AscendC::WaitFlag<AscendC::HardEvent::MTE1_MTE2>(l1AEventList[l1ListId]);

// Execute the operation.
copyGmToL1A(l1ATensorList[l1ListId], gmA, layoutAInL1, layoutTileA);

// Trigger an event.
AscendC::SetFlag<AscendC::HardEvent::MTE2_MTE1>(l1AEventList[l1ListId]);

7. Commonalities and Differences Among Block MMAD Implementations

CATLASS provides multiple Block MMAD implementations. They share the following commonalities:

  1. Unified template interface: All implementations are based on the same template parameter structure.
  2. Multi-stage pipeline design: All implementations use a multi-stage design to hide memory access latency.
  3. Event-driven synchronization: All implementations use events to ensure the correct ordering of data transfer and computation.
  4. Memory hierarchy management: All implementations manage data transfers between GM, L1, and L0.
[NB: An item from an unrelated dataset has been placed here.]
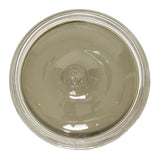 Leather Shoe Polish with Free Applicator - Prestige Shoe Cream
The major differences among implementations are:

  1. Scheduling policies: ping-pong, preload, streamk, and more
  2. Hardware adaptation: optimization for different hardware architectures
  3. Special features: quantization, sparse computation, bias processing, and more
  4. Performance optimization: different pipeline depths and memory access patterns

8. Summary

Block MMAD is a key component in the CATLASS template library that connects the kernel layer and the tile layer. It achieves efficient block-level matrix multiplication through the following designs:

  1. Modular design: Assembles different functional components through template parameters.
  2. Multi-stage pipeline: Uses ping-pong techniques to hide memory access latency.
  3. Event-driven synchronization: Ensures the correct ordering of data transfer and computation.
  4. Automatic memory management: Efficiently manages memory resources at different levels.
  5. Flexible adaptation: Supports different hardware architectures and computational requirements.

The design of Block MMAD reflects the core ideas of modern high-performance compute libraries. Through elaborate pipeline design and memory management, Block MMAD unlocks hardware computational power to unleash matrix multiplication efficiency.